There was a long pause.

“Eva?” I said.

Her tone was flat, angry but accepting: “Where are you?”

“Dickson tradies.”

“Alright, I’ll come pick you up. But you’re buying me dinner out of Carmichael’s filthy lucre.”

“Done,” I said.

“Nowhere near it,” she said. “You think you’re going to hear the last of this? You get to drink and I have to drive you home.”



“I wanted to try.”

“You stupid bastard. Go order the drinks.”

“Sure, but I think we should stop by the Thursday night dinner crowd on the way home.”

“We’ll see,” she said grimly, and hung up.

I went in and ordered a steak, a straightforward bottle of cab sav and two glasses.


TND was traditionally a late-starting event, and by the time we arrived it was only in mid-swing. Plates of cheeses, bread and crackers lay half-demolished about the lounge-room, and most of the dozen-odd guests were already balancing on their knees chipped share-house crockery bearing rice and a thick vegetarian curry. A patina of steam hung in the air, spreading the lingering scent of spices.

“Hi guys,” called Sarah, congenially waving her beer in our direction.

I waved back with my free hand, the other clutching a bottle of the Tradies second-least expensive red. I scanned the room and noted Jenny and, with a slight shock, Danielle. She smiled at me broadly, and raised her wine glass just a fraction. I didn’t have time to replace the idiotic stunned expression on my face with something more cogent before Eva bundled me into the kitchen.
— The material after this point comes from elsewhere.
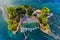 Aerial view Agios Sostis with bidge, small island in Zakynthos,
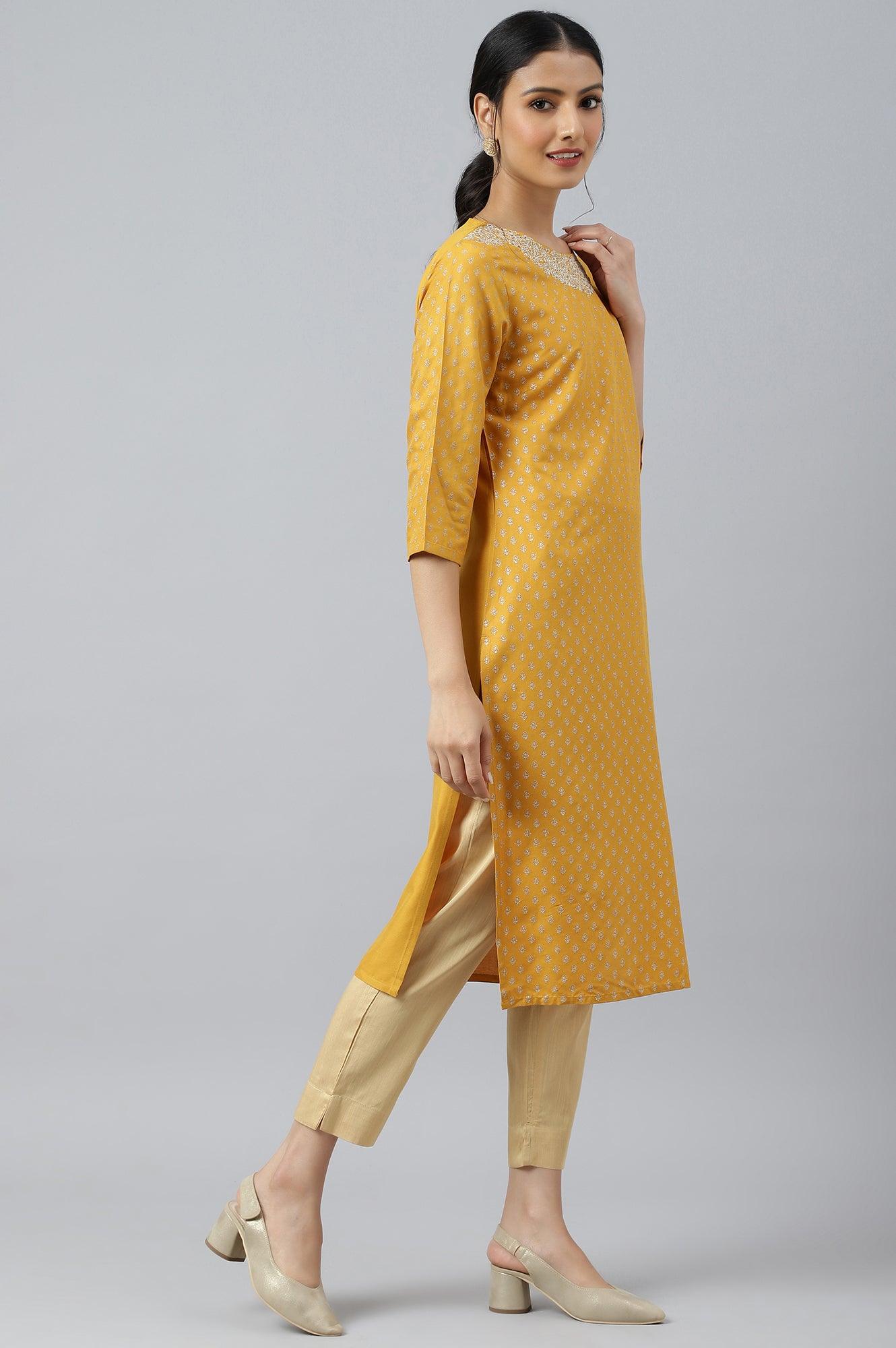 W for Woman Mustard Printed kurta With Metallic Embroidery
“Come on,” she said. “Time to say our hellos and get that bottle opened.”

Ted and Trish, the couple that had first leased the house, were doling out the last of their curry from a veritable vat on the stove to the last of the guests, standing utterly swathed in steam. Between them and us were a few gangly, shaggy-haired men in skivvies and women without make-up in cardigans. A typical Canberra house party.

“Hi guys,” called Ted. “Let’s get that wine open, give its lungs a chance!”

“Good to see you,” cried Trish, barrelling at Eva.

The two were soon entangled in conspiratorial feminine snatches of half-whispered conversation and punctuating shrieks of laughter. Rather than stand about like a useless lump I soldiered on towards Ted with the wine, to attend to the manful business of corkscrews. A desire to open the wine, though, was about the sum of what we had in common.

I can’t say I’ve ever much liked Ted. I’d always thought he regarded girlfriends as an accessory as easily acquired and disposed of as his ludicrous Hawaiian shirts. The lurid shirts, I always suspected, were chosen to emphasise his gym-hewn muscles and mocha-coloured skin. In pallid Canberra the exotic makes a splash, and after a shy adolescence Ted had turned to weight-training to capitalise on his Sri Lankan Indian genes. His looks and muscle tone drew a lot of attention, particularly in comfortably daggy government town where few outside the military tried that hard. He knew it, and with his laid-back mateyness, he knew how to use it. He’d hit his party years late, but had worked hard to cover ground quickly. My view of him was probably jaded a little further by the fact that several of his short-term serial girlfriends had been women I’d liked, but made only tentative moves towards, in the immediate aftermath of Marina. In my more generous moments I might even have conceded my attitude was one part jealousy to three parts concern for how he treated the women in question. Trish, small, cute and feisty was the first woman to hold him in line for terribly long – if she had. I liked Trish, but had a horrible feeling that one day her sharehouse would implode along with her relationship to Ted, the most likely cause being a taller, blonder woman making him an offer he was too vain to refuse. If Ted knew how I felt about him, he did a good job of ignoring it, treating me with the cheerful condescension he reserved for less well-built males. Still, he was one of Marina’s flatmates, and a talker, so I hoped to make something of the opportunity.